Measure Program Processor Time

Portability: ISO/ANSI C conforming


SYNOPSIS
DESCRIPTION
RETURN VALUE
CAUTION
PORTABILITY
IMPLEMENTATION
EXAMPLE
RELATED FUNCTIONS
SEE ALSO


SYNOPSIS

#include <time.h>

clock_t clock(void);


DESCRIPTION

clock returns the amount of processor time used by the program relative to some base point. The amount of processor time used between two calls is indicated by the difference between the values returned by the two calls to clock in the same program.

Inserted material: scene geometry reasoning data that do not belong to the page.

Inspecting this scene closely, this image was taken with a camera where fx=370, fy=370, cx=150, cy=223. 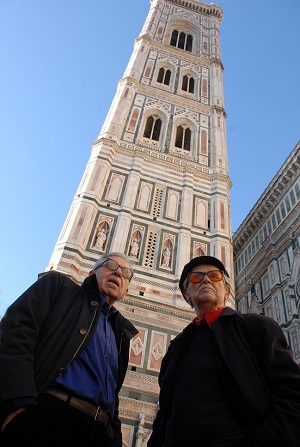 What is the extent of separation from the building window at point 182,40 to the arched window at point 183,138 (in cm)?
851

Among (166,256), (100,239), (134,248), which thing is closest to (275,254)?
(166,256)

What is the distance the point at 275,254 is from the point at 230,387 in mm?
11435

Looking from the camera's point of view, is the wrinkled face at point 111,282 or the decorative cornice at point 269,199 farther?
the decorative cornice at point 269,199

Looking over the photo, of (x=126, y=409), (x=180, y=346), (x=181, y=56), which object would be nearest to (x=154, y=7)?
(x=181, y=56)

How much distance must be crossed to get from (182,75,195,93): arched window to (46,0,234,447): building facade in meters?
0.08

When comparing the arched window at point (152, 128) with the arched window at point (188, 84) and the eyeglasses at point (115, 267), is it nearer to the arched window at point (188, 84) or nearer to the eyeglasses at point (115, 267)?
the arched window at point (188, 84)

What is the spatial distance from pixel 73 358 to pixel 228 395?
0.82 metres

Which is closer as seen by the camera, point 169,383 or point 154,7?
point 169,383

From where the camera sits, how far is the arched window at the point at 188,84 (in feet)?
56.8

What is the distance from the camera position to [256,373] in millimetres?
1730

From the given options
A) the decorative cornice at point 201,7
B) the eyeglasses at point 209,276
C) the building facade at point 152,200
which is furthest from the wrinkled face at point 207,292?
the decorative cornice at point 201,7

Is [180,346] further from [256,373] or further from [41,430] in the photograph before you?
[41,430]

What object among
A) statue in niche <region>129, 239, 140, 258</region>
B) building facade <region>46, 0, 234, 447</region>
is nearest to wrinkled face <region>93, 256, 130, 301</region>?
building facade <region>46, 0, 234, 447</region>

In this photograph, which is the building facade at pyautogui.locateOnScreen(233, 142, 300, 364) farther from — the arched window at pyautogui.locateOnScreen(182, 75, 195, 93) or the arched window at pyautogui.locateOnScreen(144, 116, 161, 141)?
the arched window at pyautogui.locateOnScreen(182, 75, 195, 93) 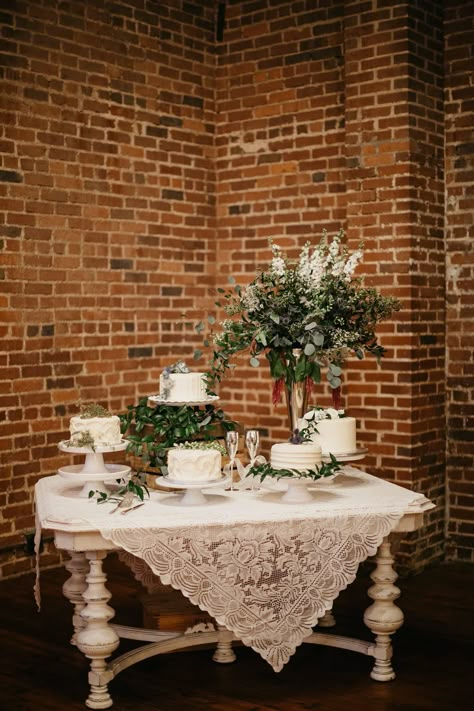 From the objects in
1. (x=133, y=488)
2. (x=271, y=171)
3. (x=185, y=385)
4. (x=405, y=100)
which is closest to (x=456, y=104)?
(x=405, y=100)

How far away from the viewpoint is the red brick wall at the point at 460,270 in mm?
5324

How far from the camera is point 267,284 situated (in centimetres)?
389

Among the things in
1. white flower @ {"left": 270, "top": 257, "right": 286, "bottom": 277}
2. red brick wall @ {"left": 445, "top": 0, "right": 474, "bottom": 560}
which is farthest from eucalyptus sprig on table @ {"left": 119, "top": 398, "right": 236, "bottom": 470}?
red brick wall @ {"left": 445, "top": 0, "right": 474, "bottom": 560}

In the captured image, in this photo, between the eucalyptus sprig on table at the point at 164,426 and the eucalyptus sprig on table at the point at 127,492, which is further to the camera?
the eucalyptus sprig on table at the point at 164,426

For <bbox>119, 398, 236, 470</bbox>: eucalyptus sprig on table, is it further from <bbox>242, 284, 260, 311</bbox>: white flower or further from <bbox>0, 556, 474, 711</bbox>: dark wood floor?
<bbox>0, 556, 474, 711</bbox>: dark wood floor

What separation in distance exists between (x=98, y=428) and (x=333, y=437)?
89cm

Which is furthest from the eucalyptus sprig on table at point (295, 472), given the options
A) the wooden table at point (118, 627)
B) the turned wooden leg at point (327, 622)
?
the turned wooden leg at point (327, 622)

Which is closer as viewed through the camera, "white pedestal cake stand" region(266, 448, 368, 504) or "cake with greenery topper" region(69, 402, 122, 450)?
"white pedestal cake stand" region(266, 448, 368, 504)

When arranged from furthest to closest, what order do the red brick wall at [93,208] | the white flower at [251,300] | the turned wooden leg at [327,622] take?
the red brick wall at [93,208] → the turned wooden leg at [327,622] → the white flower at [251,300]

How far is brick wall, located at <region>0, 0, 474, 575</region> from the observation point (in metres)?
5.10

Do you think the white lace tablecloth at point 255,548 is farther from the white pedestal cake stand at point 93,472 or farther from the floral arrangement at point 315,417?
the floral arrangement at point 315,417

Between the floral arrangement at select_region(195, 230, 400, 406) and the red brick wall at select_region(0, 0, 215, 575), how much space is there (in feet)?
5.35

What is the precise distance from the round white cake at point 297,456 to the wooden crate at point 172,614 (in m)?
0.92

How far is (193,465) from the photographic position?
338cm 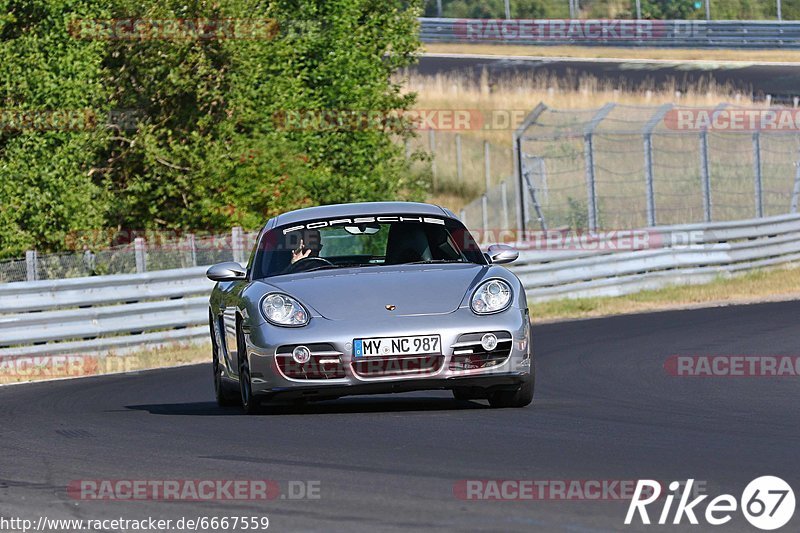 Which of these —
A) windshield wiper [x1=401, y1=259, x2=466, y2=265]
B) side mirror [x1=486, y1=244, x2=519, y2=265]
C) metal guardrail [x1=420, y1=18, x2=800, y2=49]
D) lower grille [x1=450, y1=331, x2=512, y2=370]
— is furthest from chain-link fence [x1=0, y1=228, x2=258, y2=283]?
metal guardrail [x1=420, y1=18, x2=800, y2=49]

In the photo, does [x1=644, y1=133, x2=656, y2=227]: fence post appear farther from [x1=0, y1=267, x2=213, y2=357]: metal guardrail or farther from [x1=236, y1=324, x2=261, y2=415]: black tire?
[x1=236, y1=324, x2=261, y2=415]: black tire

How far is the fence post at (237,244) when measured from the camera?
20359 mm

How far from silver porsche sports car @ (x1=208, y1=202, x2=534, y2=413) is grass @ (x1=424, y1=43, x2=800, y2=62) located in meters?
42.9

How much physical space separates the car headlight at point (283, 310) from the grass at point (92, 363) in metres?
6.93

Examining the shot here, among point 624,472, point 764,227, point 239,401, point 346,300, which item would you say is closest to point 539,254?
point 764,227

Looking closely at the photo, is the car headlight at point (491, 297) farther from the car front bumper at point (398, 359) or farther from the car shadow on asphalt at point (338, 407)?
the car shadow on asphalt at point (338, 407)

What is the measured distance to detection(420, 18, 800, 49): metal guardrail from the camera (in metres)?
51.0

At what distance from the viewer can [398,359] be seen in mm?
8969

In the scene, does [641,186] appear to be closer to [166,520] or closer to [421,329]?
[421,329]

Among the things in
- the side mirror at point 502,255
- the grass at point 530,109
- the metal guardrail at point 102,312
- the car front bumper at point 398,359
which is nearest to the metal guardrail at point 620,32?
the grass at point 530,109

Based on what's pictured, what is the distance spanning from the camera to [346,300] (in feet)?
30.0

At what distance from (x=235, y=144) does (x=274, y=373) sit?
1760 cm

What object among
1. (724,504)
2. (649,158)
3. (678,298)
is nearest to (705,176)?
(649,158)

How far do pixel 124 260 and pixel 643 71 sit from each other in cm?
3327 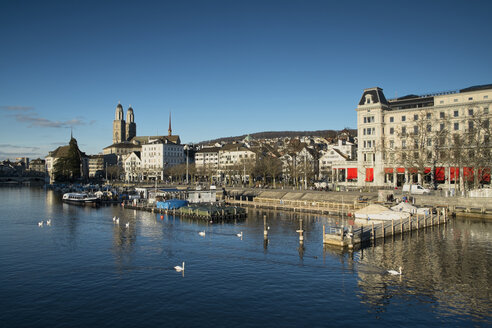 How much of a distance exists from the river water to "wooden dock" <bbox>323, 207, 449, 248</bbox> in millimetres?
1444

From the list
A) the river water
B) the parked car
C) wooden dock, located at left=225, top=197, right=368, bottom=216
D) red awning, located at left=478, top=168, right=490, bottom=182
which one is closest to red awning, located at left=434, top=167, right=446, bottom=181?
red awning, located at left=478, top=168, right=490, bottom=182

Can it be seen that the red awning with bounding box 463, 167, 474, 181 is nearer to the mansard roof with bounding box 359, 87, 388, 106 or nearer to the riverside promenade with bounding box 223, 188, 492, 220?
the riverside promenade with bounding box 223, 188, 492, 220

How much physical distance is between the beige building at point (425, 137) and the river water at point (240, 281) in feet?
84.9

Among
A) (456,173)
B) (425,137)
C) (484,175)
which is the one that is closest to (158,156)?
(425,137)

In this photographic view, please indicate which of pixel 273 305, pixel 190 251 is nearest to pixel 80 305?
pixel 273 305

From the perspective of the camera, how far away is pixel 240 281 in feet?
94.7

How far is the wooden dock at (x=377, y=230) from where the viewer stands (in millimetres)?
38938

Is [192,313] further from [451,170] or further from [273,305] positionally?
[451,170]

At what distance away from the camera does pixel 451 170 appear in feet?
249

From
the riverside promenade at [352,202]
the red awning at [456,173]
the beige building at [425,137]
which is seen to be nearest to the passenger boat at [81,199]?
the riverside promenade at [352,202]

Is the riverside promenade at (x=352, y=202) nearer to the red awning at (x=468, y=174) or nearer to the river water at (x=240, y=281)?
the red awning at (x=468, y=174)

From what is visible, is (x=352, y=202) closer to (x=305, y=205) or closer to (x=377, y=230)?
(x=305, y=205)

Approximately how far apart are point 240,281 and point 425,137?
2484 inches

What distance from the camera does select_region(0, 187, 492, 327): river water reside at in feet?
74.2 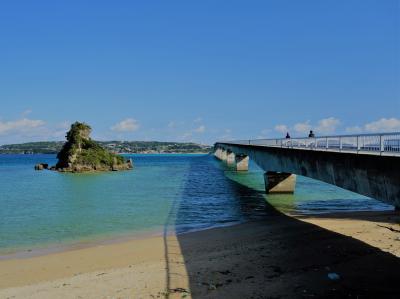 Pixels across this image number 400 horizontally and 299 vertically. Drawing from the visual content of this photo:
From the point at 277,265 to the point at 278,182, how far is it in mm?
27643

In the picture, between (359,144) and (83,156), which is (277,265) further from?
(83,156)

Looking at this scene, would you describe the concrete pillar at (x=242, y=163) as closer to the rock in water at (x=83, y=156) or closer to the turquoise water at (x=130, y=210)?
the rock in water at (x=83, y=156)

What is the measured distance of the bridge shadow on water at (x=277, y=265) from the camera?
40.5ft

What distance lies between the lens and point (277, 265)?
15.1 metres

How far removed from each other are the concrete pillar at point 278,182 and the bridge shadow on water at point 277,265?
18.3 metres

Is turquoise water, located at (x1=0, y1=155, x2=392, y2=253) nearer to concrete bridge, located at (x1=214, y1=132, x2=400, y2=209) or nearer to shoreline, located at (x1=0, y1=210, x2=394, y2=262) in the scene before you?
shoreline, located at (x1=0, y1=210, x2=394, y2=262)

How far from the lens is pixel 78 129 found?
110m

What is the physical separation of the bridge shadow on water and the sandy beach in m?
0.03

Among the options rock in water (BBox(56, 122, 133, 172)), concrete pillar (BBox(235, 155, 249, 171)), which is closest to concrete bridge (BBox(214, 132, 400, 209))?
concrete pillar (BBox(235, 155, 249, 171))

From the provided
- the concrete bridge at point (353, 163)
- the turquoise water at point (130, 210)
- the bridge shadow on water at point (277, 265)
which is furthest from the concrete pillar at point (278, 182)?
the bridge shadow on water at point (277, 265)

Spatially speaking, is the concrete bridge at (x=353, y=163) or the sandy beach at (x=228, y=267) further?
the concrete bridge at (x=353, y=163)

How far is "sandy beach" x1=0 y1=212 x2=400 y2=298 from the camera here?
41.4ft

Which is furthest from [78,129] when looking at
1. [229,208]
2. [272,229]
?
[272,229]

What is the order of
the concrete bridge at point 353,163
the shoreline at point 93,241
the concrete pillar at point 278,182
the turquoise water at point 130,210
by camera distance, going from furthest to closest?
the concrete pillar at point 278,182 → the turquoise water at point 130,210 → the shoreline at point 93,241 → the concrete bridge at point 353,163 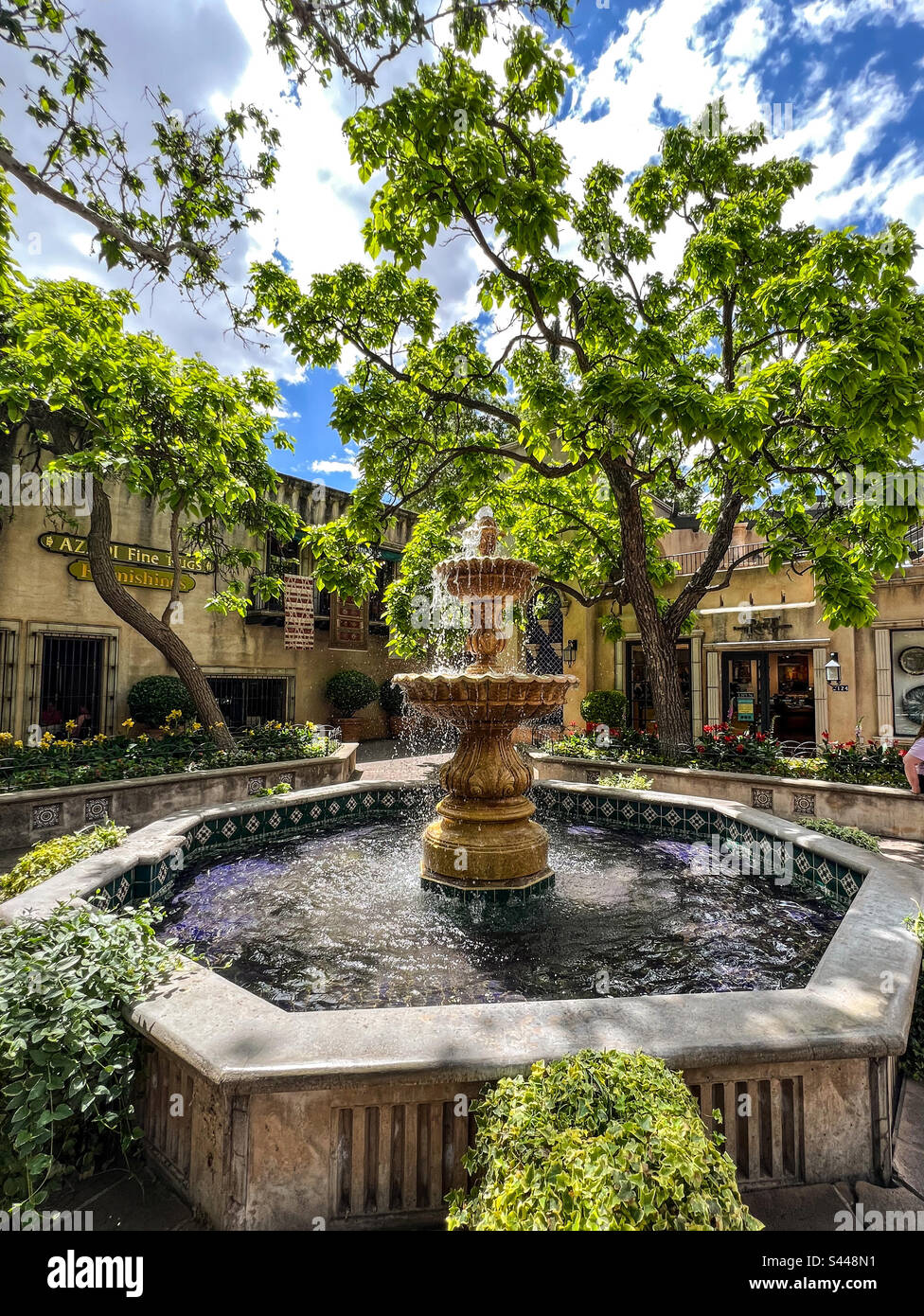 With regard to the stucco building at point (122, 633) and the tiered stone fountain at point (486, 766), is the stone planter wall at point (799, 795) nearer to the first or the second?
the tiered stone fountain at point (486, 766)

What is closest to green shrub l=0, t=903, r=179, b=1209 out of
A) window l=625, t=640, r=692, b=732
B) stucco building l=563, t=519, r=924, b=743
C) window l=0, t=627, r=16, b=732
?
window l=0, t=627, r=16, b=732

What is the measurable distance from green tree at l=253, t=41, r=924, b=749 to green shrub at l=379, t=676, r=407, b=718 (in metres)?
7.88

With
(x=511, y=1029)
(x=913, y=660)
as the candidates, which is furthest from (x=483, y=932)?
(x=913, y=660)

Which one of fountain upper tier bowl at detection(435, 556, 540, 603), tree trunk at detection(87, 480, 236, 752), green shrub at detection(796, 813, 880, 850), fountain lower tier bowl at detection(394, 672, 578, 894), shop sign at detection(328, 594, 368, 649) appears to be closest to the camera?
fountain lower tier bowl at detection(394, 672, 578, 894)

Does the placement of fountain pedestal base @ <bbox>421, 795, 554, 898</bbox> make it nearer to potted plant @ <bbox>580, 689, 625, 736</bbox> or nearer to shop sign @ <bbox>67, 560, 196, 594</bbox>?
shop sign @ <bbox>67, 560, 196, 594</bbox>

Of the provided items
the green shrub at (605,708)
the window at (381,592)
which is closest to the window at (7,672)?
the window at (381,592)

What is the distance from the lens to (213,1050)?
2172 mm

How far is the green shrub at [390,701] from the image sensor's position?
2069cm

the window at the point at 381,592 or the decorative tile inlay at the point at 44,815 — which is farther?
the window at the point at 381,592

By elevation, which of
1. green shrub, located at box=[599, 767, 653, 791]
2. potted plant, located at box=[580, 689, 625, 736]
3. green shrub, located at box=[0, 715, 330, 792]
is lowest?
green shrub, located at box=[599, 767, 653, 791]

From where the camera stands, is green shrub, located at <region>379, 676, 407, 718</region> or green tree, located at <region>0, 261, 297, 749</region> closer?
green tree, located at <region>0, 261, 297, 749</region>

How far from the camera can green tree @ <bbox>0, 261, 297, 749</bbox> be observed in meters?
7.34

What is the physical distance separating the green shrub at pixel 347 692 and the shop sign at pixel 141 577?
5.76 m

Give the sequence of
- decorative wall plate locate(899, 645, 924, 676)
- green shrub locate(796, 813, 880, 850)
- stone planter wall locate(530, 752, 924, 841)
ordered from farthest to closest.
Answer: decorative wall plate locate(899, 645, 924, 676) < stone planter wall locate(530, 752, 924, 841) < green shrub locate(796, 813, 880, 850) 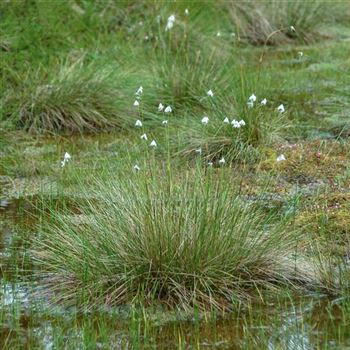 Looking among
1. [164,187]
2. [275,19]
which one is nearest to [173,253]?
[164,187]

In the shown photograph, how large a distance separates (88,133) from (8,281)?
3.95 metres

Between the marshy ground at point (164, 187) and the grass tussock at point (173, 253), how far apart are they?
10mm

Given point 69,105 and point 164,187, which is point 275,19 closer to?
point 69,105

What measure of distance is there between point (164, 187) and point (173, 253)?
533 mm

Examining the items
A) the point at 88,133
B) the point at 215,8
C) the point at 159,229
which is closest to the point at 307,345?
the point at 159,229

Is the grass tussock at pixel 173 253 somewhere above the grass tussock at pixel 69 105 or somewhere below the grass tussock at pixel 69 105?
below

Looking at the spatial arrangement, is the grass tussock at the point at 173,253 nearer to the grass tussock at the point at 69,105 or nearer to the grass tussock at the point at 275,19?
the grass tussock at the point at 69,105

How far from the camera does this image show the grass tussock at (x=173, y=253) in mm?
5090

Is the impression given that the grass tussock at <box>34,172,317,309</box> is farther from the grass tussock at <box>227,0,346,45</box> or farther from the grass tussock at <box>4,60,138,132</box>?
the grass tussock at <box>227,0,346,45</box>

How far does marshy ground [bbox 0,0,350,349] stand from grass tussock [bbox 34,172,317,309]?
1 cm

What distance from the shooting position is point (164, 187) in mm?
5562

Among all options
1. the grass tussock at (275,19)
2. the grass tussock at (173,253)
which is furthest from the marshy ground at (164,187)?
the grass tussock at (275,19)

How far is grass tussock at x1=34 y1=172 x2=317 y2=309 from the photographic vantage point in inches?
200

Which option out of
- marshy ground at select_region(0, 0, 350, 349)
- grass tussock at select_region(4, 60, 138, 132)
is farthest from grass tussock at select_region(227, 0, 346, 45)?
grass tussock at select_region(4, 60, 138, 132) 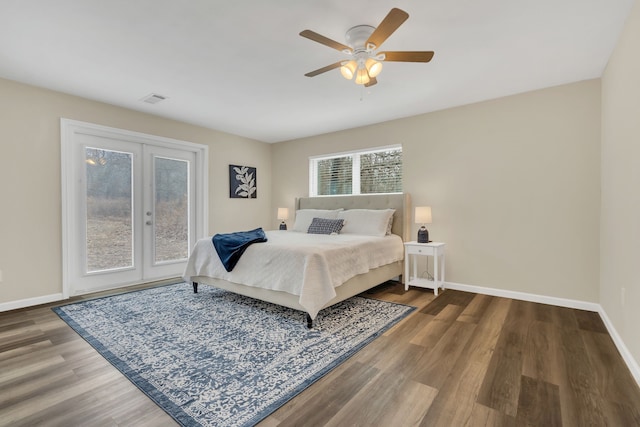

The value returned is of type clock_t . The value returned is in fractions of a second, where a value of CLOCKS_PER_SEC represents one second of processor time. ( clock_t and CLOCKS_PER_SEC are defined in <time.h> .) In this implementation, clock_t is defined as a double and CLOCKS_PER_SEC is 1.0.


RETURN VALUE

clock returns the number of seconds since the base time. If an accurate value cannot be returned, (clock_t)-1 is returned.


CAUTION

The value returned by clock is of relatively low accuracy and may depend on the extent of other system activity. Values returned by clock are likely to be inconsistent from one execution of a program to another.


PORTABILITY

For portability's sake, you should always use CLOCKS_PER_SEC as a scale factor when using the value returned by clock . Also, you should declare variables that contain clock values as clock_t because many implementations define this type as long int or unsigned long int .


IMPLEMENTATION

Under OS/390, the base point for clock is the first call; that is, the first call of clock in an OS/390 program always returns 0.0.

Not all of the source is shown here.